Eleven other individuals with Palm Beach addresses coughed up a total of $567,000 to American Leadership Action.
Then there’s the $146,000 in so-called dark money that’s come to Oz’s American Leadership Action from the similarly named American Leadership Policy, a Virginia nonprofit that its articles of incorporation indicate is intended to operate as a 501(c)(4) – a social welfare organization. The money is “dark” because the donor(s) isn’t disclosed and the source of the funds is unknown.

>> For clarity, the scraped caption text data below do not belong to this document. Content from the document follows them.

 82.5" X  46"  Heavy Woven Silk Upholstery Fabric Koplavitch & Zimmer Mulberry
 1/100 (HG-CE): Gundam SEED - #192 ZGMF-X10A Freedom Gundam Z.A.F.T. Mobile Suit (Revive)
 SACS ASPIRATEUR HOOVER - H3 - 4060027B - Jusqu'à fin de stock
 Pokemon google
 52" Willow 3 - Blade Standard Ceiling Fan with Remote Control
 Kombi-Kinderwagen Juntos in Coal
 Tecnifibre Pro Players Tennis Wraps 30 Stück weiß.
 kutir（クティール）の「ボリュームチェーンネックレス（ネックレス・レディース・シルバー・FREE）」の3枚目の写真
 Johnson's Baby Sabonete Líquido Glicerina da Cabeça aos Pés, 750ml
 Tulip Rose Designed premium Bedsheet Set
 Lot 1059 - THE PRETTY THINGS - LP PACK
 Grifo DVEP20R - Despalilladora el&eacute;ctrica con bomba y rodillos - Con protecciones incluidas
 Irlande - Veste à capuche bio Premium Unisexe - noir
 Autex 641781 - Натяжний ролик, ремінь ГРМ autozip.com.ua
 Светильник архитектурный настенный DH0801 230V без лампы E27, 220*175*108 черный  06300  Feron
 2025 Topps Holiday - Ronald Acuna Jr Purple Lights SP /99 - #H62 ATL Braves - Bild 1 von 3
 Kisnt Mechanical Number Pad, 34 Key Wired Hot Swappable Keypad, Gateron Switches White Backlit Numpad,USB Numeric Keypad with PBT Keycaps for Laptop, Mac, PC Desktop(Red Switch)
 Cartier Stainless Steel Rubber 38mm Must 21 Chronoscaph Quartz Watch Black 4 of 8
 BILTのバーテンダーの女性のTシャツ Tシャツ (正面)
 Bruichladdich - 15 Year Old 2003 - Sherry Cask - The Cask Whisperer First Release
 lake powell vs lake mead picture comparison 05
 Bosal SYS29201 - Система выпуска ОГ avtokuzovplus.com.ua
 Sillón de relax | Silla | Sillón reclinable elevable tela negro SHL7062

Intriguingly, the individual who incorporated Oz’s 501(c)(4) is Dan Backer. He’s the lawyer who brought the country the landmark Supreme Court’s 2014 McCutcheon decision that struck down aggregate contributions to candidates, parties and political committees and helped created our current system that some have likened to campaign money laundering. Backer represented plaintiff and Republican activist Shawn McCutcheon.
Here’s what you’ll find if you go to American Leadership Policy’s website: an ad attacking Fetterman for wanting “to release violent criminals onto PA streets.”
The first the IRS will know about American Leadership Policy is when it files its federal tax return, Form 990, for 2021. That won’t show much since it wasn’t created until late last year. The first information the public will get about it is when it files its Form 990 for 2022 – in November 2023.
In all, Oz’s Super PAC has raised nearly $10 million – including $1 million received May 2 from Save America, a Leadership PAC affiliated with and Palm Beach resident, ex-President Donald J Trump.